+++ MATERIAL FOR THE TASK

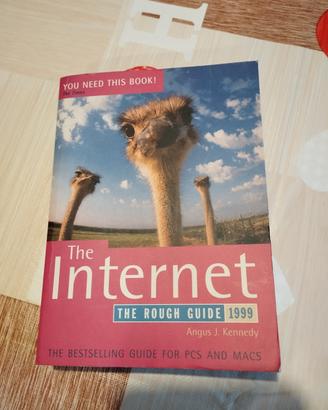 Libro Vintage "The Internet: The Rough Guide 1999"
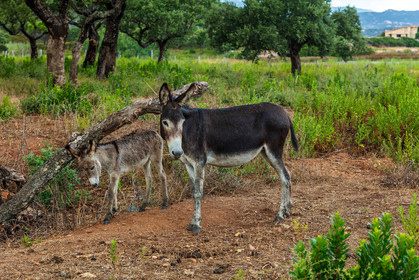 Faune corse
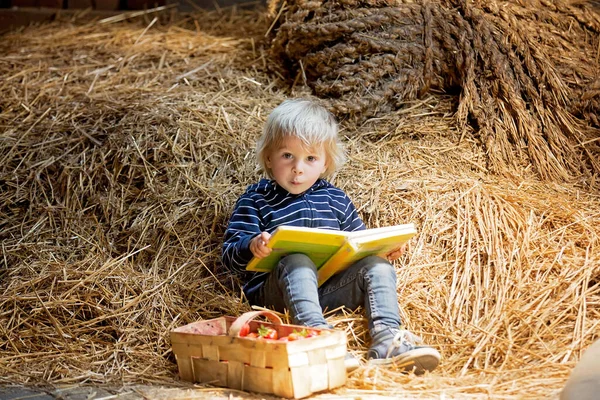 Liten Liten Blond Pojke Läser Bok Vinden Trevlig Atmosfär Jordgubbar — Stockfoto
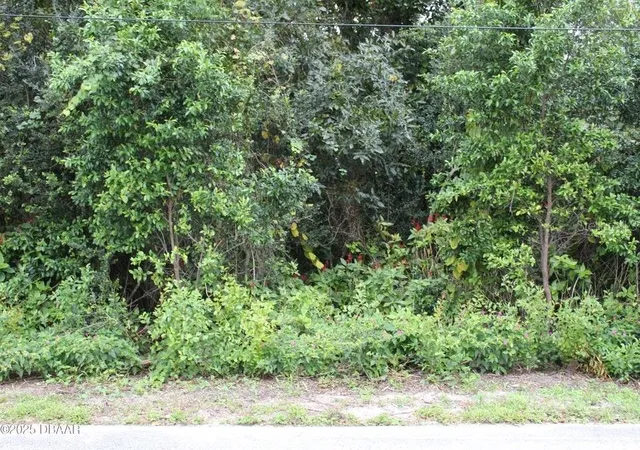 1st image of 510 Fred Gamble Way, Ormond Beach, FL 32174 | MLS# V4944654
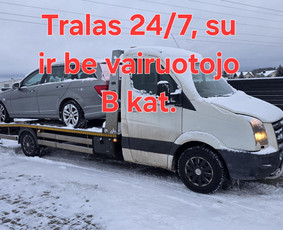 Transportas - Traliukas 24/7, su ir be vairuotojo - 1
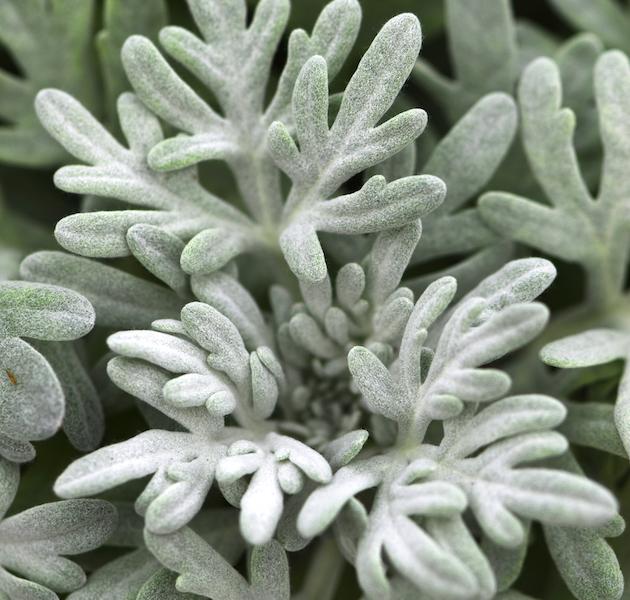 Artemisia 'sea Salt' - View 1 from www redcrocus com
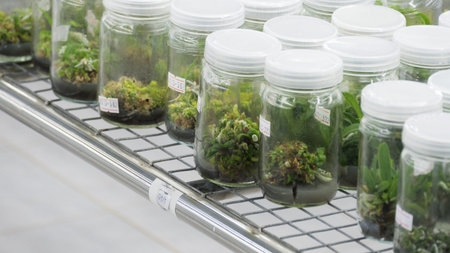 plant tissue culture growing in a bottle on shelf in laboratory - botanic nursery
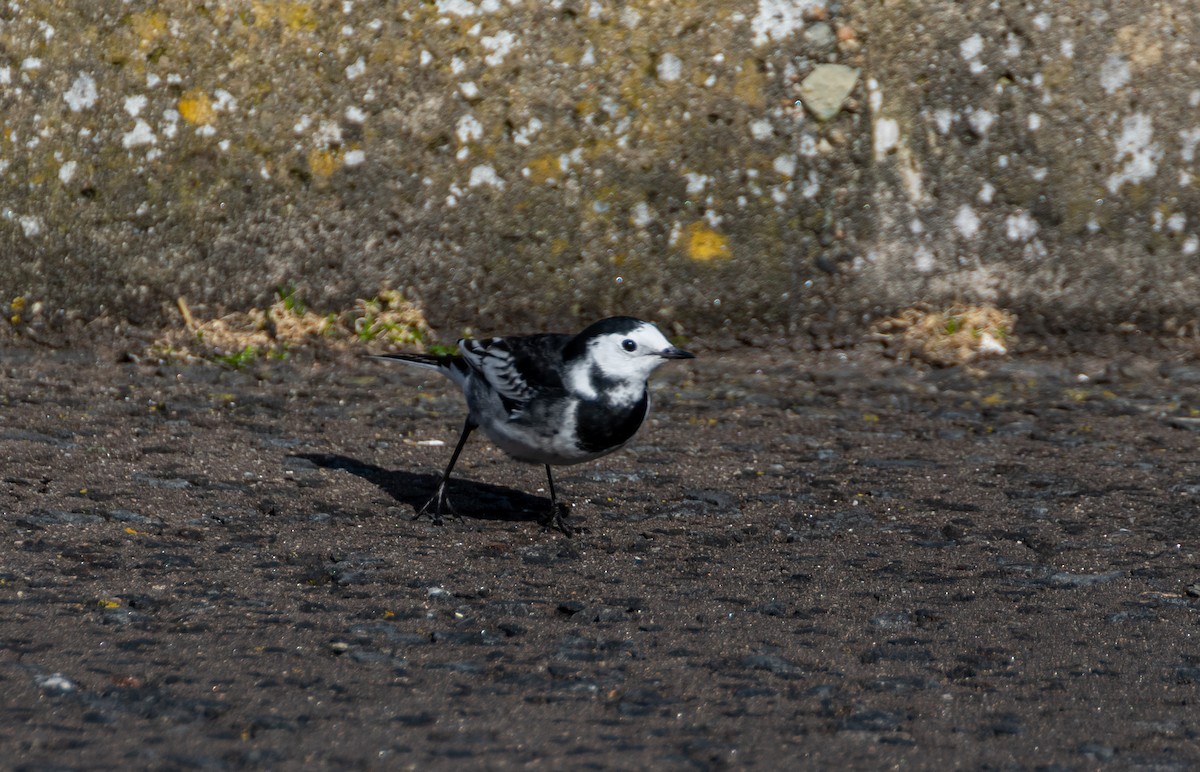 White Wagtail (British) - ML642579574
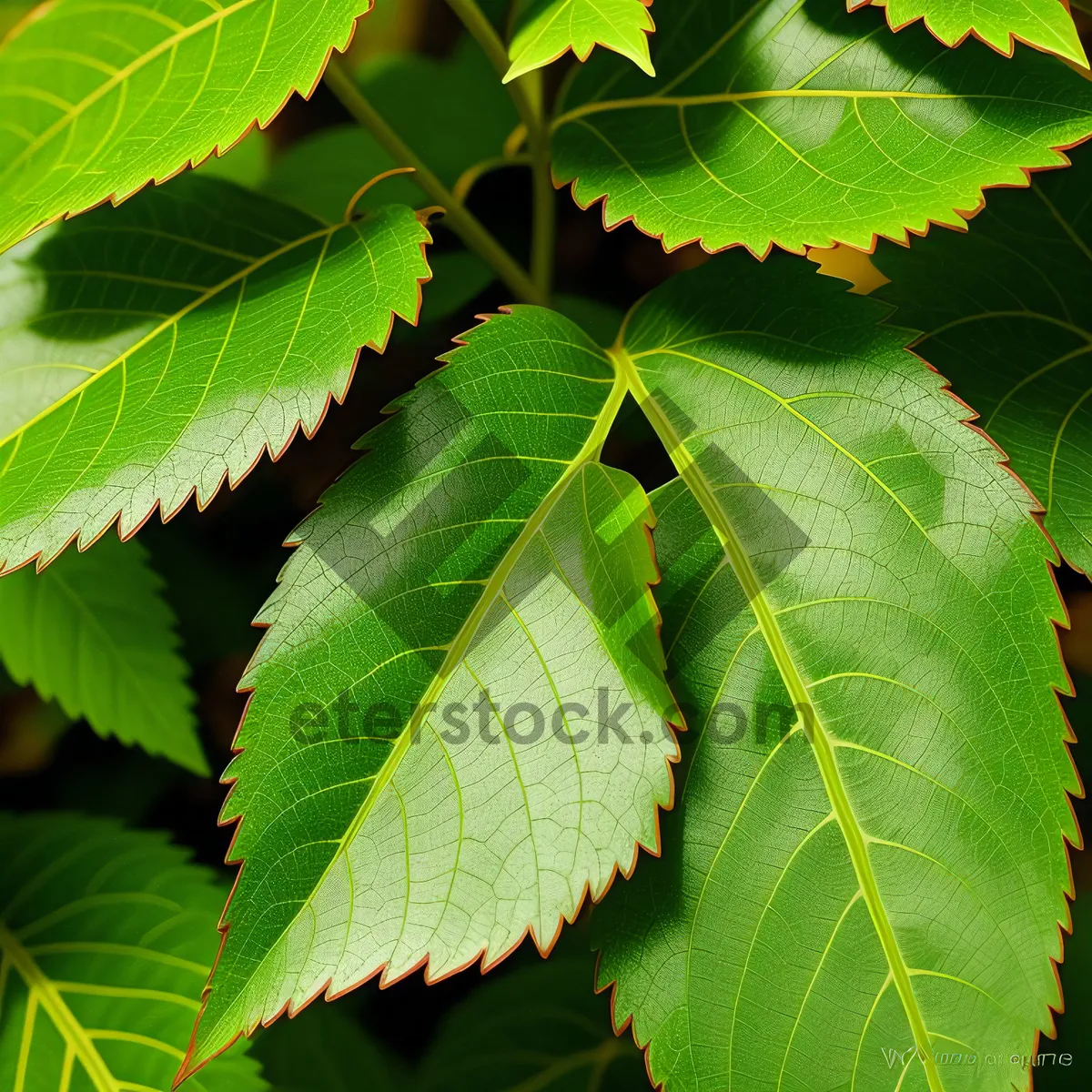 Picture of Lush Spring Forest with Bright Fig Tree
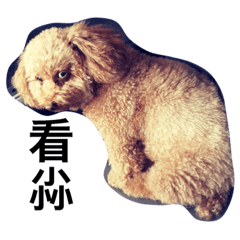 [LINEスタンプ] Poodle princess - ballball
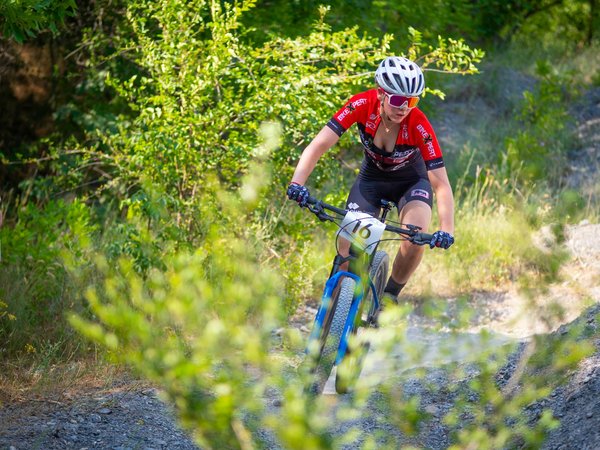 Mon analyse d'un combat poids lourds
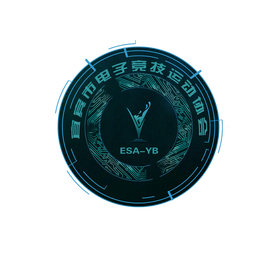 宜宾市电子竞技运动协会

++++++

What is needed is an exact copy of the lines from the start of the records through the line containing "[LINEスタンプ] Poodle princess - ballball", with no pictures.

▶ **RESPONSE TO THIS TASK**:
 Libro Vintage "The Internet: The Rough Guide 1999"
 Faune corse
 Liten Liten Blond Pojke Läser Bok Vinden Trevlig Atmosfär Jordgubbar — Stockfoto
 1st image of 510 Fred Gamble Way, Ormond Beach, FL 32174 | MLS# V4944654
 Transportas - Traliukas 24/7, su ir be vairuotojo - 1
 Artemisia 'sea Salt' - View 1 from www redcrocus com
 plant tissue culture growing in a bottle on shelf in laboratory - botanic nursery
 White Wagtail (British) - ML642579574
 Picture of Lush Spring Forest with Bright Fig Tree
 [LINEスタンプ] Poodle princess - ballball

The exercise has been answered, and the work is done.